Expectation versus Preparation
Little girls do not need to have their “expectation” aroused. They need to make “preparation” for successful relationship building. The notion of “happily ever after” needs to be replaced with the confidence that “You can make it work, honey!”
Prepare your children and yourself for “life”, not for an expensive big day. Train your children that no-one is perfect. We all let each other down and upset each other in many ways. That’s why we learn to forgive and to ask forgiveness. That’s why we have to call on God for His grace. That’s why we “work at” and “build” a relationship, rather than have it delivered on a platter.
Every time your child is upset at you or a sibling or friend you can use that to prepare them for the “life” that follows the big day. Every time your child struggles with their emotions you can teach them to tame and guide their heart. Every time your child hears about relationships falling apart, you can teach them how to restore relationship and make it work.
Maturity over the Moment
There is no reason why your child should not enjoy and anticipate their big day. However you are much wiser to prepare them for the life that follows, rather than let them get lost in the fantasy of that “magic moment”. Help your child anticipate the “maturity” which they will grow into, rather than the “theme park ride” that passes in a few moments.

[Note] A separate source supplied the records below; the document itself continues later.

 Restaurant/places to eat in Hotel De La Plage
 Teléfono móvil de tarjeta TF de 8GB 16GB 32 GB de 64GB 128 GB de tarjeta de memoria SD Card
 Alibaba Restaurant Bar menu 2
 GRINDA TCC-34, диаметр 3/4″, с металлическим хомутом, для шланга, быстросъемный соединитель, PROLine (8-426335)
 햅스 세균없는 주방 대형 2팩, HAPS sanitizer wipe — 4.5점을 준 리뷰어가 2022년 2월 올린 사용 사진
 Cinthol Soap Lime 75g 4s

Speak to your child about their big day, but also about their coming responsibilities as a parent. Talk to them about what they will do when they are a grandparent. Prepare them, mentally, emotionally and spiritually, for those hard moments in life, like sitting up all night with a sick child.
Don’t just fantasise about the wedding day, but about them coaching their children in a favourite sport, teaching their children to catch fish, change a tyre, go camping in the wilds, mend socks and cook meals. Prepare your children for the maturity they will blossom into, not just the moment that will pass.
Mentor Your Child
Remember that your child is being mentored by you. Your attitudes and reactions instruct your child about what is valuable and important in life. If you go giddy over silly things, then they will too. If you are mature and wise, you will raise them to be mature and wise too.
If you are foolish and immature, it is high time you worked through that and became the kind of parent that will create mature, godly generations for the future.
Remember, you are preparing future generations, not coaching an actor for one scene in a movie.